Writer/director Christopher Grismer and coproducers Allison Lewis and Chan D. Park exit a post shop and there it is across the street, the director’s wood-paneled vision come to life, an early 1970s oversized Mercury station wagon. It’s the vehicle of choice to transport a dead body, peel away from threatening skin heads, and help weave together the elements of Clutch, the sixth film to come out of the Canadian Film Centre’s Feature Film Project.

A comedic drama about ‘death, love, cell phones and dynamite,’ Clutch marks the feature film debuts for the director and producers, all of whom recently graduated from the cfc’s Resident Program.

The film follows Martyn (David Hewlett), a reluctant thief who accidentally kills a man while attempting to steal a rare and valuable book. In his quest to deliver the book to a black market antiques dealer, he asks his buddies Spit (Gordon Michael Woolvett) and Larry (Peter Spence) to lend a hand and dispose of the victim (who they later discover isn’t dead after all).

When Martyn’s car, which contains the book, breaks down he takes it to Theresa (Tanya Allen), a local mechanic who discovers the leather-bound treasure and disappears, sending the crazed young man in search of her.

Being project number six to come out of the ffp, Grismer says there was not as much money available for Clutch, being shot for $430,000, as there may have been for those which preceded his film – Blood & Donuts, House, Rude, Shoemaker and Cube – forcing the writer/director to make some decisions about exactly what kind of film he wanted to make.

‘We did not have enough to make a $1-million film, but too much for a $100,000 film,’ says Grismer. ‘I don’t think there is a middle ground. We took a risk and aimed beyond our means, but I think it is paying off in many ways.’

Kim Derko, dop on the March 22 to April 16 shoot, opted for Super 16 as opposed to the more traditional 35mm stock, making it easier to pull the project together on budget. In addition, she is incorporating many hand-held shots to give the picture a non-conventional ‘guerrilla’ effect.

In keeping with the non-traditional look, Derko shot with a color scheme in mind and experimented with theatrical gels to give the film light white, green and yellow backgrounds.

The film lensed in various locations around Toronto including a gas station, pizzeria, Cherry Beach (where they attempt to blow up the victim before realizing he’s alive), and inside a Danforth-area church, which housed numerous bald-headed men for a day.

A visit to the set finds a disheveled Larry (who is mulling around the church locale with fake blood dried up under his nose) and Spit in a last-ditch attempt to rid themselves of what they think is a corpse by crashing a funeral full of skin-heads where they try to dispose of the body in an already occupied coffin.

Before they get a chance to slip the corpse into the coffin, they are chased out of the church by three burly bald heads in big black boots. They (Larry and a stunt driver) jump into their styling vehicle and peel away (as much as one can ‘peel’ in a car of that stature).

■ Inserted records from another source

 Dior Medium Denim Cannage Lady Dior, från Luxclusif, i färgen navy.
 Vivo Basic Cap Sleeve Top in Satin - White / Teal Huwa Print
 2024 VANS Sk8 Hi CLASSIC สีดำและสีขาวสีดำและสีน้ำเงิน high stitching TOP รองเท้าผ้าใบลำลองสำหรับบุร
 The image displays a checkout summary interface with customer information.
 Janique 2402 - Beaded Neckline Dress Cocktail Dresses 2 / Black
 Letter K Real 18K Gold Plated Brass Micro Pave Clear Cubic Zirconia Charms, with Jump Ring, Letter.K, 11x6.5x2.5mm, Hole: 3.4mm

Grismer says he completed the script two years ago, the night before he applied to the cfc, and so far is feeling good about what he is seeing unfold whether or not it looks the way he envisioned it.

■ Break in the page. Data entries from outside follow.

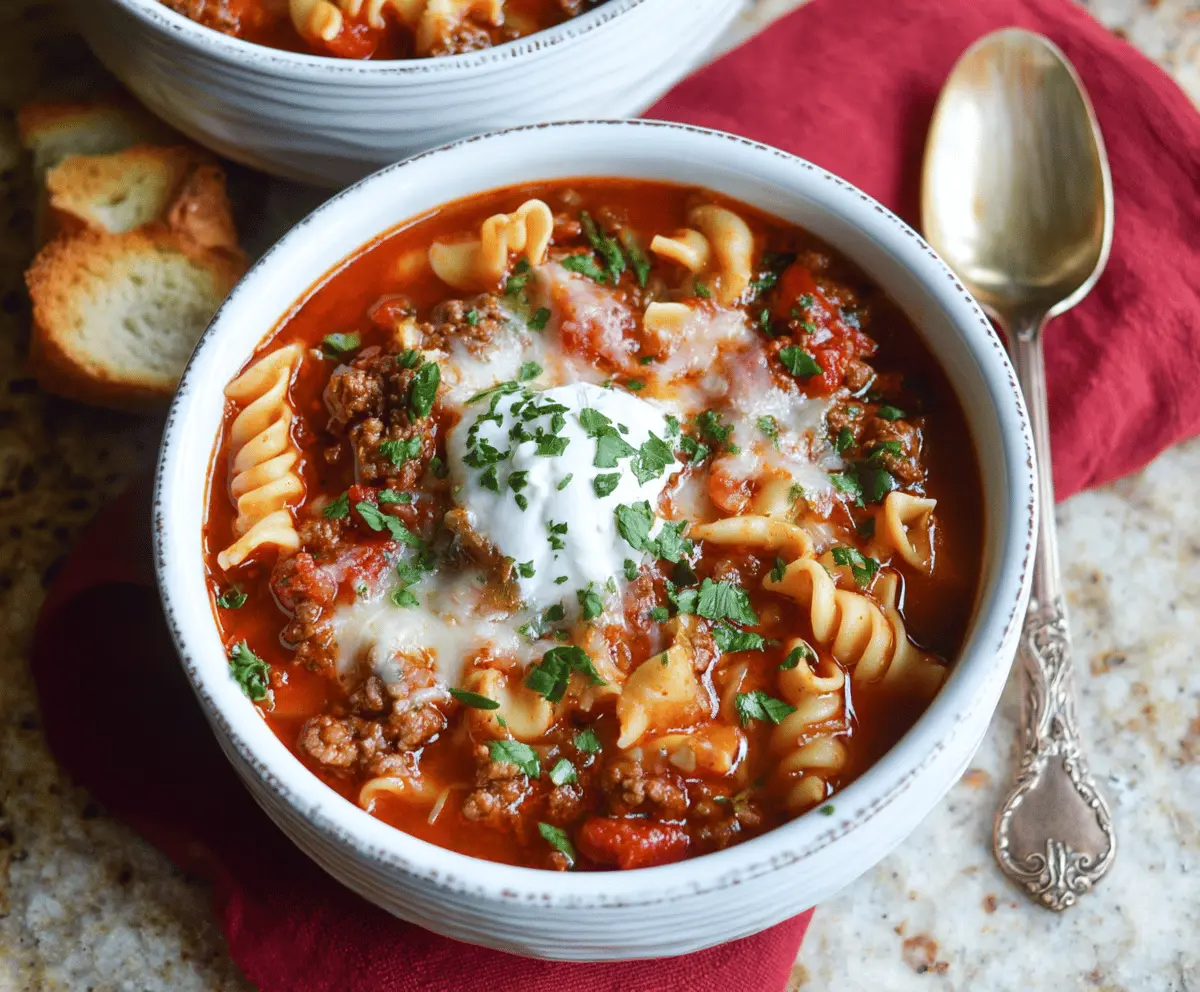 A bowl of hearty Slow Cooker Ground Beef Lasagna Soup topped with melted cheese, fresh basil, and tomato sauce, served in a rustic bowl on a wooden table.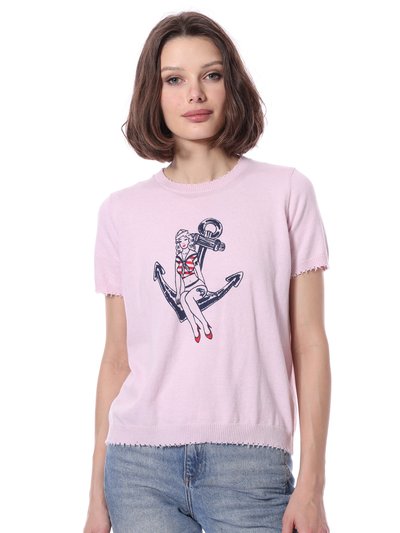 Minnie Rose Cotton Cashmere Short Sleeve Printed Frayed Edge Tee product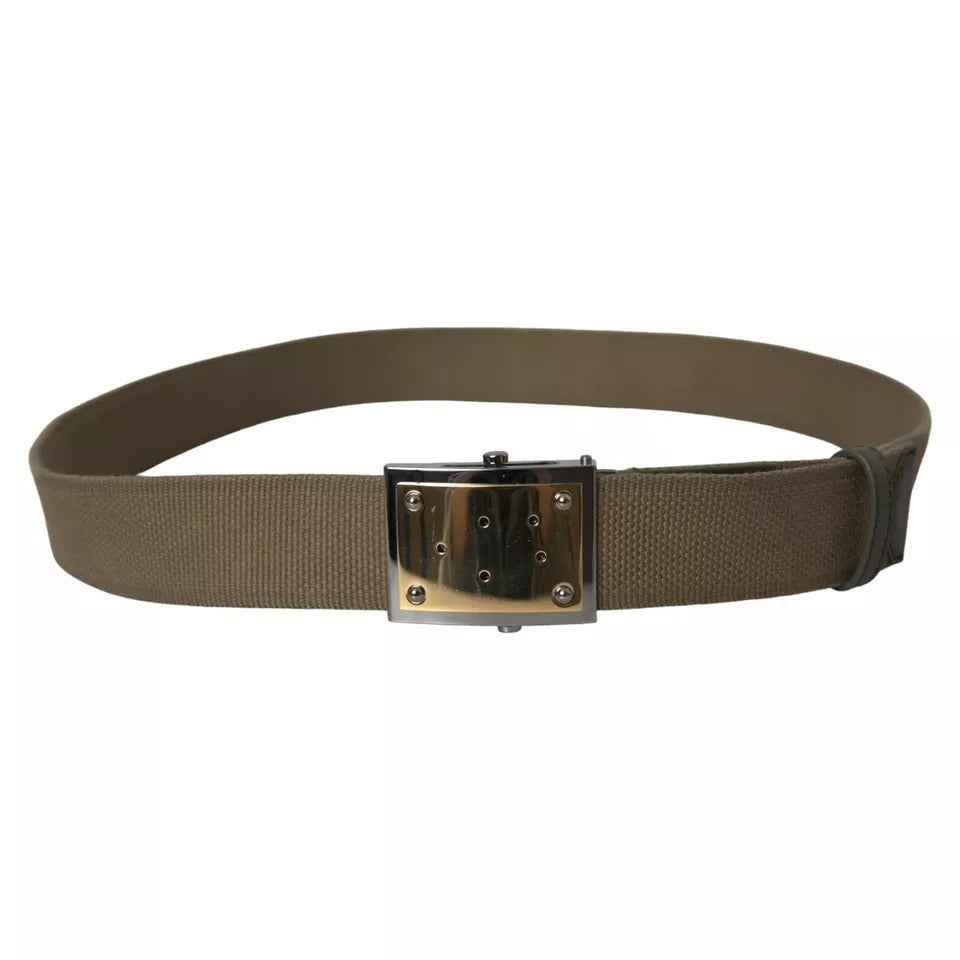 Brown Canvas Square Metal Buckle Men Belt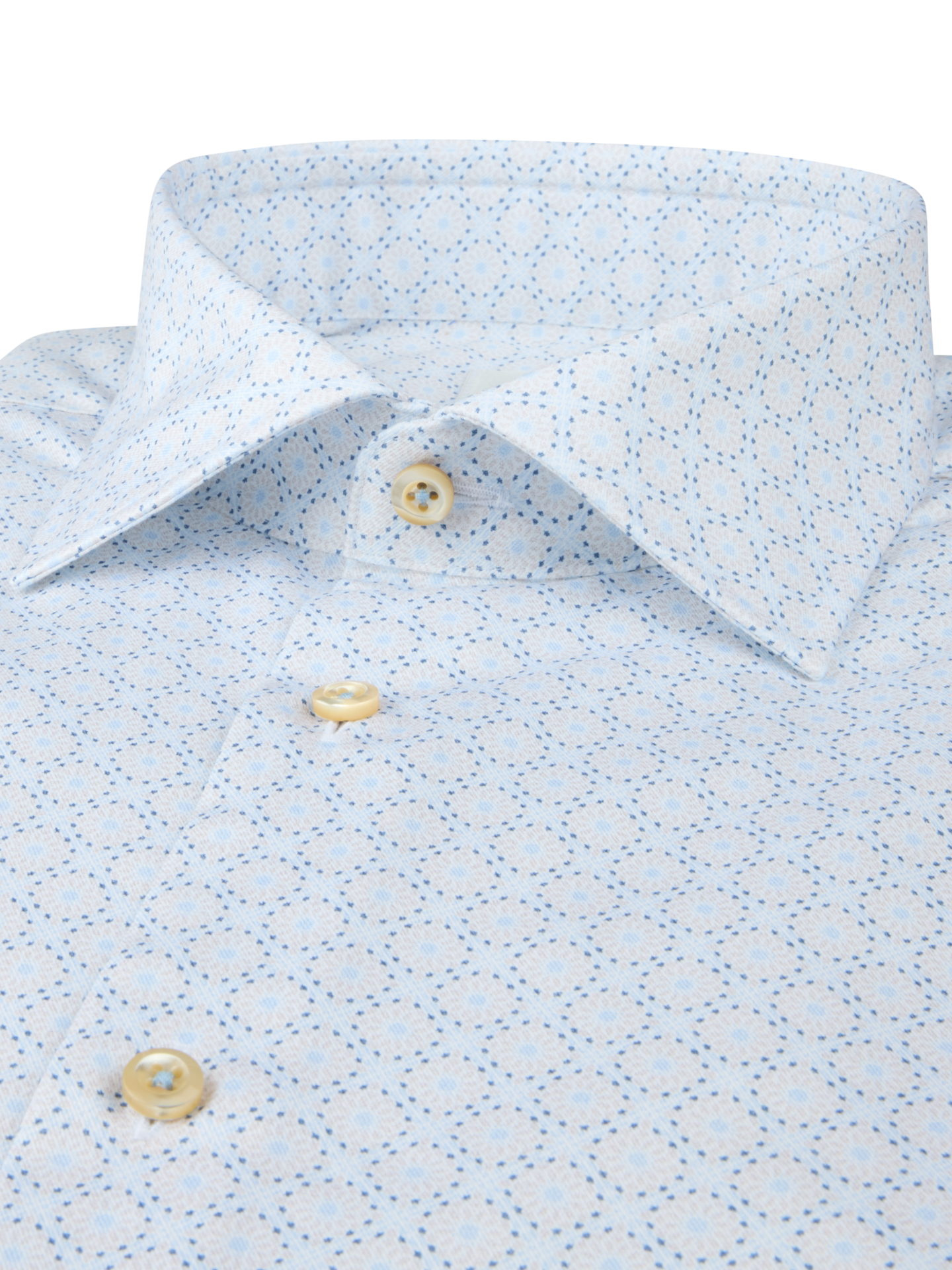 Light blue Patterned Twill Slimline Shirt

‘The scene either has to be exactly the same as I imagined or completely different; it has got to be that extreme,’ Grismer says. ‘When the scene reinvents itself and is totally different I know I am onto something, but if is just a little different it’s frustrating.’

As for Grismer’s demeanor on the set of his first feature, he remains cool and says he is more calm than he has ever been before, which he attributes to the caliber of his crew, who he admits are better than he deserves for what he is paying

‘There isn’t much for me to worry about, so I can just concentrate on the acting and working with the dop.’